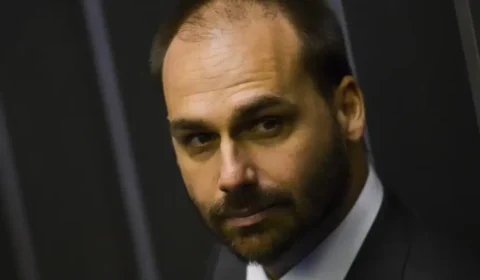 Câmara anula passaporte diplomático de Eduardo Bolsonaro após perda de mandato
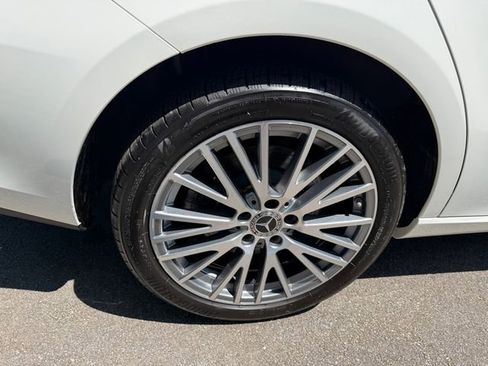 Used 2020 Mercedes-Benz CLA 250 4MATIC image 40
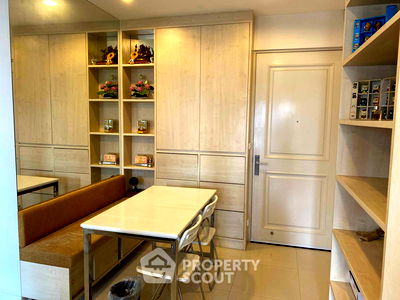 ขายคอนโด : คอนโด 2-ห้องนอน ที่ คิว เฮ้าส์ สาทร ใกล้ BTS กรุงธนบุรี (ID 654946)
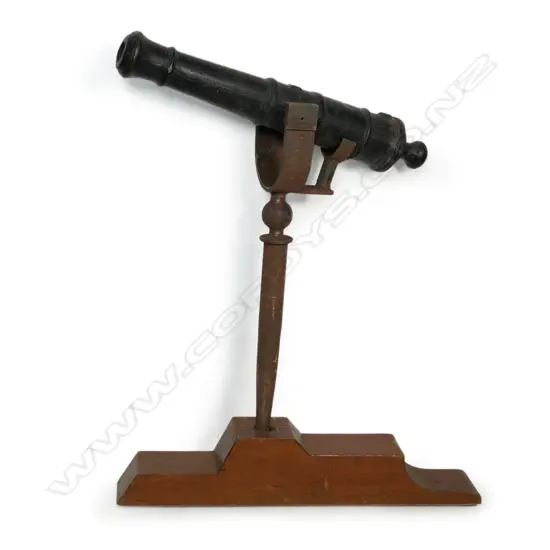 A 20thC 'ER II' cannon,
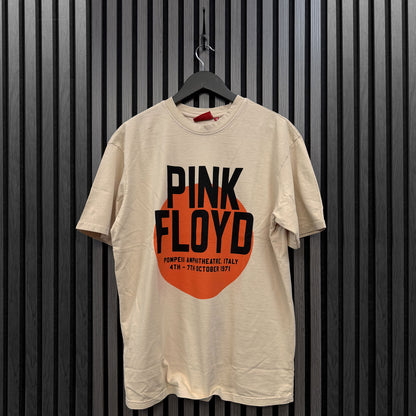 Een foto van een Pink Floyd T-Shirt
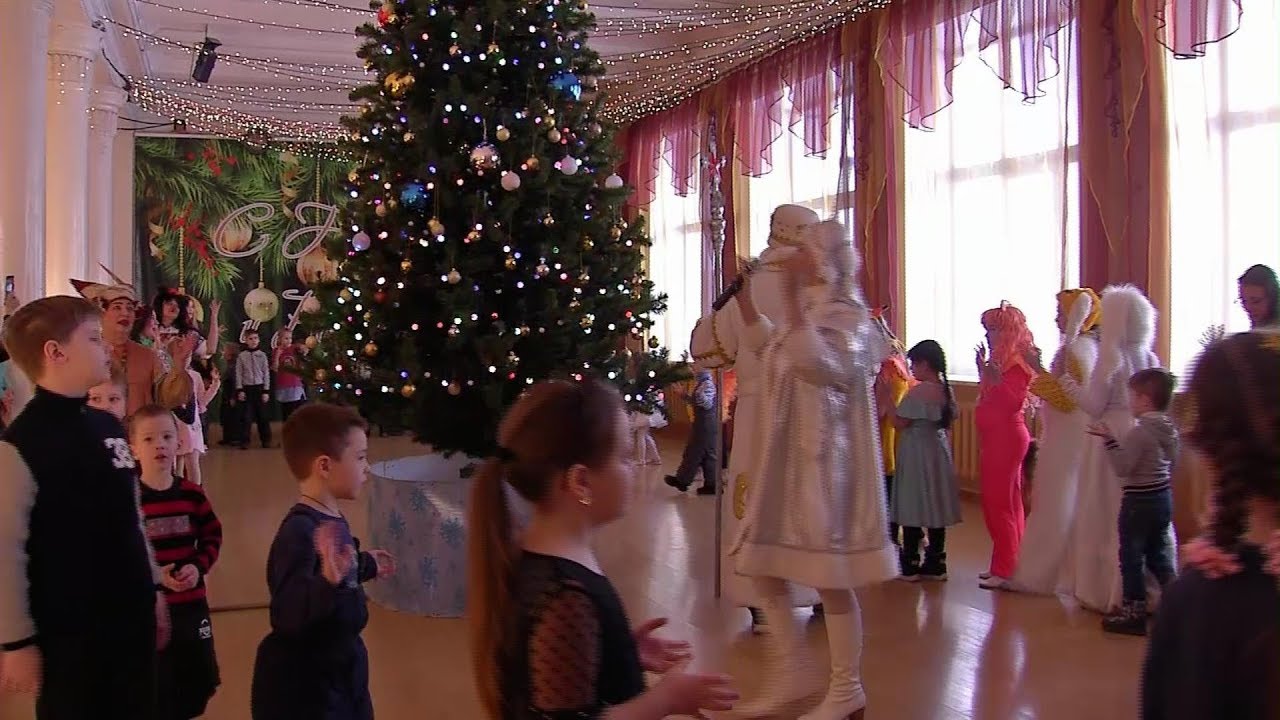 Чудесную сказку в светлый праздник Рождества представили для детей и взрослых в ДК «Надеждинский»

____

Set aside the pictures. Then return every line of the material above verbatim.

→ RESULT
 Câmara anula passaporte diplomático de Eduardo Bolsonaro após perda de mandato
 Used 2020 Mercedes-Benz CLA 250 4MATIC image 40
 ขายคอนโด : คอนโด 2-ห้องนอน ที่ คิว เฮ้าส์ สาทร ใกล้ BTS กรุงธนบุรี (ID 654946)
 A 20thC 'ER II' cannon,
 Een foto van een Pink Floyd T-Shirt
 Чудесную сказку в светлый праздник Рождества представили для детей и взрослых в ДК «Надеждинский»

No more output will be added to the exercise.